YOUR ASSIGNMENT
Using the material that follows, output exactly the lines from the one containing "Дамска чанта, черна. Става и на раница." through the one containing "Replica mașinii în", with both ends kept.

DATA SHOWN
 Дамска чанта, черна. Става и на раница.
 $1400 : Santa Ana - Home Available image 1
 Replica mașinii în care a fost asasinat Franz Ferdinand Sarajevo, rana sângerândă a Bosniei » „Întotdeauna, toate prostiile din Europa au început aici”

* * *

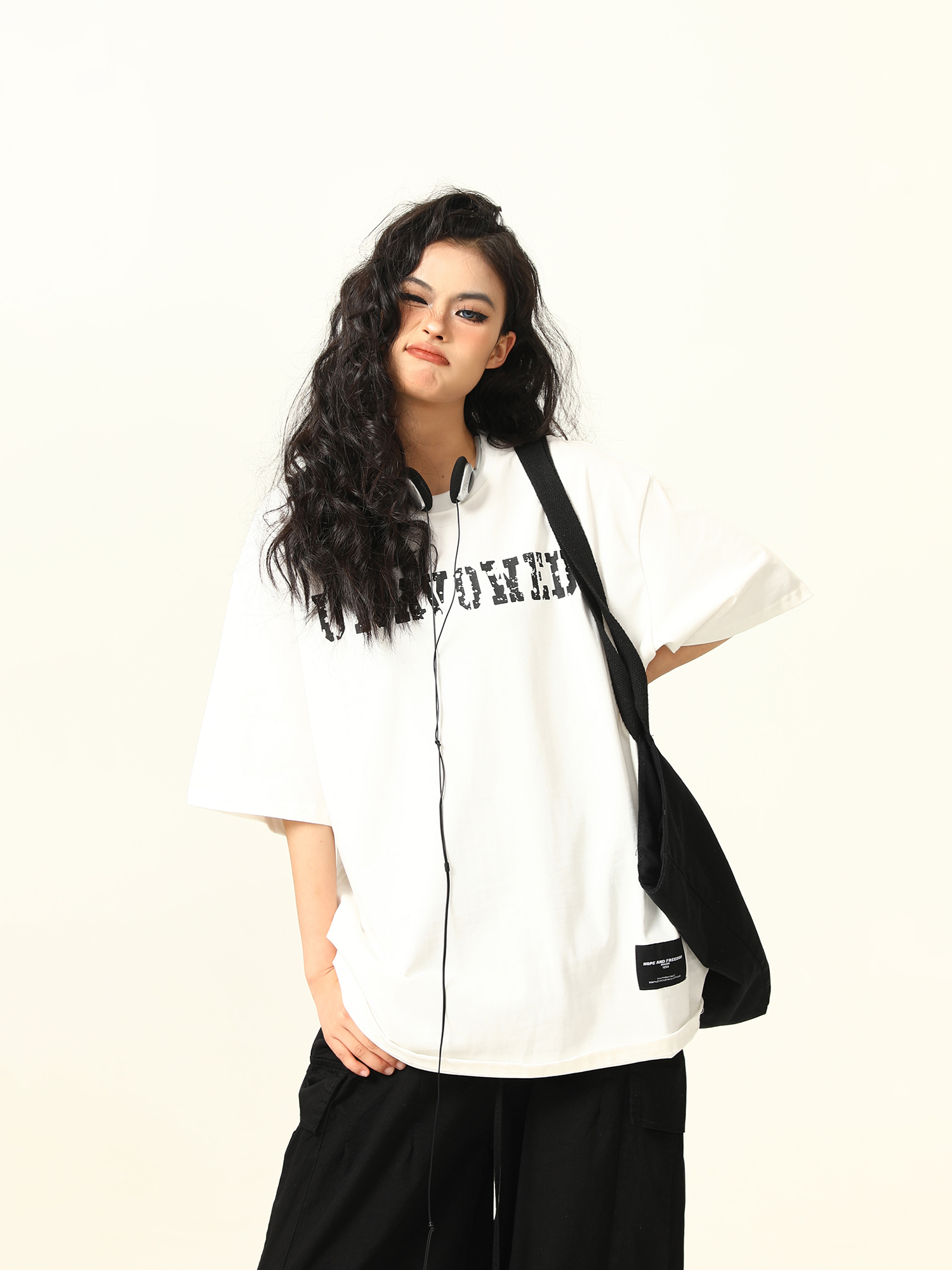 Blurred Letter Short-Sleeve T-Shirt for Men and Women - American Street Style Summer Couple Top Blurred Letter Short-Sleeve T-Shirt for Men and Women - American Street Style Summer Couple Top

ANSWER TO THIS PROBLEM
 Дамска чанта, черна. Става и на раница.
 $1400 : Santa Ana - Home Available image 1
 Replica mașinii în care a fost asasinat Franz Ferdinand Sarajevo, rana sângerândă a Bosniei » „Întotdeauna, toate prostiile din Europa au început aici”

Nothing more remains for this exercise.